Bande originale du film d’Eric Barbier/ Musique originale de Renaud Barbier
Sortie le 28 AVRIL 2014.
LABEL B Original par Cristal Records
Distribution Sony Music
Lien vers la B.O : www.bit.ly/1pG3FwO
« Un thriller romantique aux multiples facettes ». Le Dernier Diamant est ce que l’on appelle un film de genre et, à ce titre, il prolonge l’esthétique du film de «casse» rendu très populaire en France dans les années 60 et 70 avec les films d’Henri Verneuil. On se souvient de la musique sublime de Michel Magne pour Mélodie en sous sol (1963) ou de celles d’Ennio Morricone pour Le Casse (1971) justement, et de la ritournelle entêtante dans Le Clan des Siciliens.
En France on brûle souvent ce que l’on a aimé et les films de genre ne sont plus tellement à la mode, pourtant nous sommes capables de rivaliser avec les Américains sur ces thèmes. Le réalisateur Eric Barbier avouait qu’il souhaitait revenir à un cinéma d’histoire, un peu disparu aujourd’hui, et en l’occurrence, créer une problématique de casse, c'est-à-dire élaborer un plan méticuleux pour inventer un braquage. Quatrième long métrage d’Eric Barbieret seconde collaboration avec Yvan Attal, voilà un thriller bien ficelé autour d un duo d’acteurs convaincus et convaincants, Yvan Attal et Bérénice Béjo, un couple qui fonctionne.
Sur une trame très codifiée - c’est la loi du genre- le cinéaste a demandé à son frère Renaud Barbier, tout comme pour son film précédent Le Serpent, d’en écrire la musique.
Le travail a commencé en amont ce qui permet à la musique non seulement de jouer la fonction classique d’accompagnement mais de structurer le récit à la façon d’ un puzzle. Et l’originalité, voire l’intérêt de cette B.O est de croiser et lier deux styles musicaux élégamment, du jazz pour illustrer le monde dans lequel évolue les casseurs, un univers sec, nerveux, haletant, l’autre plus romantique et baroque, celui des diamantaires ( le thème de Julia par exemple avec l’aide de l’orchestre et des cordes du Philarmonique de Bruxelles, et la soliste harpiste Karen Peeters.)

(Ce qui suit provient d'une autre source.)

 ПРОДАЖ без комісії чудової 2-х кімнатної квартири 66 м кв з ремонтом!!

Les notes de pochette nous renseignent fort bien sur « la fabrique du film» et de sa musique : on apprend ainsi que le montage fut effectué directement sur les musiques originales. Dix huit musiciens, 70 minutes de création originale avec des solistes épatants (Renaud Barbier au piano, Bijan Chemiraniaux percussions et saz, Lilian Bencini à la contrebasse et basse électrique et Gilles Grivolla aux saxophones soprano et baryton) qui assurent les transitions entre les différents personnages, explorent l’évolution des sentiments (« le doute »).

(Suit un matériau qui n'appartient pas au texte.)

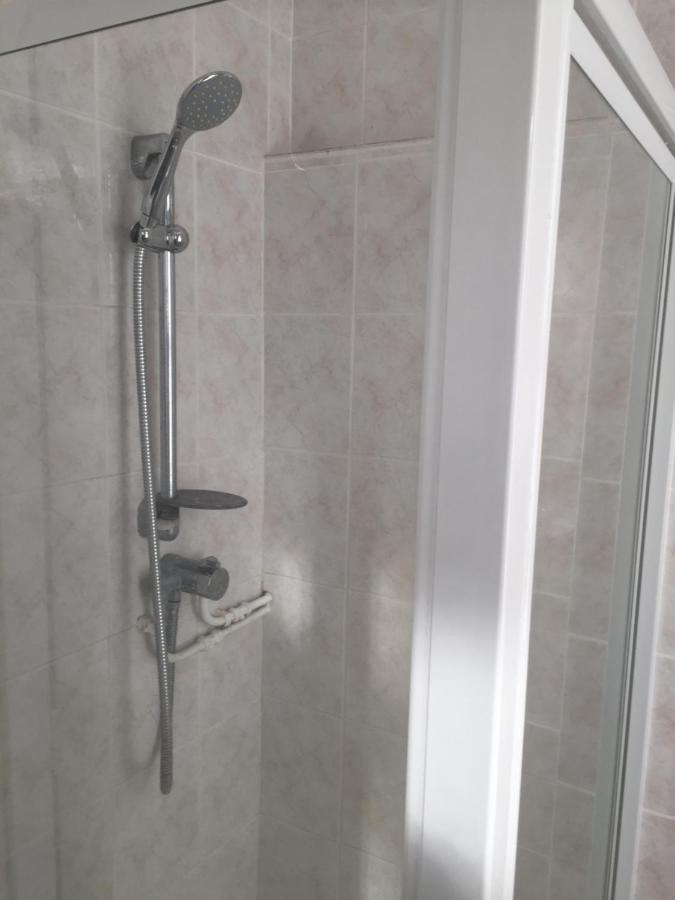 Longfield Guest House Dover Bagian luar foto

Une formation de jazz orchestral décrit crescendo l’histoire du gang, décortique l’action, véritable mécanique de précision jusqu’à la scène du casse, la composition 12, point d’orgue du film . On sent la tension monter... et même sans avoir vu le film, la musique est éloquente. Comme le suggérait Godard, il semble que l‘on peut entendre les images et voir la musique. Les timbres graves de la section de cuivres et la prise de son sur 24 bandes analogiques donnent un son particulier, un effet brut, saturé avec du grain, le son des années soixante-dix, selon l’aveu même de Renaud Barbier, prestidigitateur du clavier, qui fait surgir des paysages, entre dans l’univers mental des personnages : leitmotiv de l’horlogerie, du cliquetis fatal du temps qui passe, inéluctable, de l’action et de certains drames ou situations irréversibles.

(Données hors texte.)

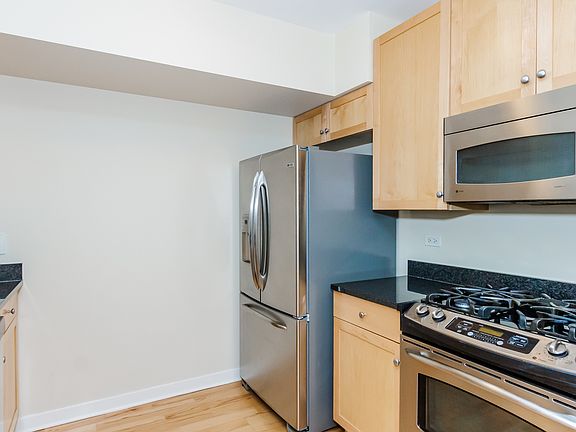 3rd image of 1160 S Michigan Ave APT 1004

La musique a été enregistrée au studio Alhambra-Colbert à Rochefort, ancien cinéma désaffecté, fief du label Cristal qui coproduit le disque avec Mandoline Musique Production, tandis que Cristal Publishing en assure la supervision musicale et l’édition.
Ardente et sévère, la B.O du dernier diamant est réussie , car il y a assez de présence musicale pour qu’on puisse se passer des visages. Mais ce sera tout de même un vrai plaisir de réécouter la musique après avoir vu le film.